## GIVEN INFORMATION

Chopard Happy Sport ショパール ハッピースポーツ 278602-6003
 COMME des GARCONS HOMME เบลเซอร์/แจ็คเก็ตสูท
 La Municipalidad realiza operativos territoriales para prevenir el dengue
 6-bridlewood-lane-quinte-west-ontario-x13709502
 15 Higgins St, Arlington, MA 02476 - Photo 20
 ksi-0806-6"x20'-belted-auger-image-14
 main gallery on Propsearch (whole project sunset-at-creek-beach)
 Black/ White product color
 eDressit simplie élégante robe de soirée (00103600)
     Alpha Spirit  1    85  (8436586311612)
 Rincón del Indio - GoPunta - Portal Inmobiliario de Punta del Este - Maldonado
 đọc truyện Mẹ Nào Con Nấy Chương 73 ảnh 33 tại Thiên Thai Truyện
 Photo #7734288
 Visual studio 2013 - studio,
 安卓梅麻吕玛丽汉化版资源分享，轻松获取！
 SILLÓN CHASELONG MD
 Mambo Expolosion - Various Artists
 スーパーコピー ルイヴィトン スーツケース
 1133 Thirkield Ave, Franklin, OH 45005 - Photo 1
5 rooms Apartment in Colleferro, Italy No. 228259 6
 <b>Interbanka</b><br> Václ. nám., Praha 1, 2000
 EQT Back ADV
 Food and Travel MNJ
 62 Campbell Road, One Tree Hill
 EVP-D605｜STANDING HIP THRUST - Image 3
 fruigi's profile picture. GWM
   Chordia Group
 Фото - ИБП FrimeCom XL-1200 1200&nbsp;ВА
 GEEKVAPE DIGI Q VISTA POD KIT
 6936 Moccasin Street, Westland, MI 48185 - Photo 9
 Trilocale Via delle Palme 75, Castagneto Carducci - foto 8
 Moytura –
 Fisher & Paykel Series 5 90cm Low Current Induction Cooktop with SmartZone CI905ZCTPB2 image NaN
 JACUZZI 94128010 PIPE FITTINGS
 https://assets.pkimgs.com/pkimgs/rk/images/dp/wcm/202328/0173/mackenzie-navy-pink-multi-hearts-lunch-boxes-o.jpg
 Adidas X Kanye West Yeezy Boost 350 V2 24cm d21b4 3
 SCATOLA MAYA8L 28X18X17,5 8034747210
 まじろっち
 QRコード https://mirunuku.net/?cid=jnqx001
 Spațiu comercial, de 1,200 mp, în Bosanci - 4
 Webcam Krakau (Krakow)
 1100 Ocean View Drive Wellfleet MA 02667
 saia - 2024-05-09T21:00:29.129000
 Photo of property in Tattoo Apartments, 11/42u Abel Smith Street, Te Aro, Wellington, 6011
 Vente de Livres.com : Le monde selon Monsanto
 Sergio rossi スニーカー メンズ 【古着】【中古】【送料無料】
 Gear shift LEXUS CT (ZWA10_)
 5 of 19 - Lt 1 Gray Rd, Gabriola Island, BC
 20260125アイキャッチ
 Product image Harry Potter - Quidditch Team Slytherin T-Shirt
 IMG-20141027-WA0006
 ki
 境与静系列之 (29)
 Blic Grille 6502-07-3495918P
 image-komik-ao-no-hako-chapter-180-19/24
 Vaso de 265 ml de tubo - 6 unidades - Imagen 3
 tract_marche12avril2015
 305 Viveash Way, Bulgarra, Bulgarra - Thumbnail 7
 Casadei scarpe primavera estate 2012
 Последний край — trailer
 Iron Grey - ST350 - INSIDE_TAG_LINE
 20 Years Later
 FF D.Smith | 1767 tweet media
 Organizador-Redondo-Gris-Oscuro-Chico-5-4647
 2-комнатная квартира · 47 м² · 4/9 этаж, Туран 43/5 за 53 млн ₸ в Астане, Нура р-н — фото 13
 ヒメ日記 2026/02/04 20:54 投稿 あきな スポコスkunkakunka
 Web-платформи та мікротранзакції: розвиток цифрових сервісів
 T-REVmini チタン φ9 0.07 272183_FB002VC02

## WHAT THE EXERCISE ASKS
Everything from the line containing "IMG-20141027-WA0006" through the final line of the entries is to be written out exactly. No other lines belong in the answer.

## SOLUTION TO THIS PROBLEM
 IMG-20141027-WA0006
 ki
 境与静系列之 (29)
 Blic Grille 6502-07-3495918P
 image-komik-ao-no-hako-chapter-180-19/24
 Vaso de 265 ml de tubo - 6 unidades - Imagen 3
 tract_marche12avril2015
 305 Viveash Way, Bulgarra, Bulgarra - Thumbnail 7
 Casadei scarpe primavera estate 2012
 Последний край — trailer
 Iron Grey - ST350 - INSIDE_TAG_LINE
 20 Years Later
 FF D.Smith | 1767 tweet media
 Organizador-Redondo-Gris-Oscuro-Chico-5-4647
 2-комнатная квартира · 47 м² · 4/9 этаж, Туран 43/5 за 53 млн ₸ в Астане, Нура р-н — фото 13
 ヒメ日記 2026/02/04 20:54 投稿 あきな スポコスkunkakunka
 Web-платформи та мікротранзакції: розвиток цифрових сервісів
 T-REVmini チタン φ9 0.07 272183_FB002VC02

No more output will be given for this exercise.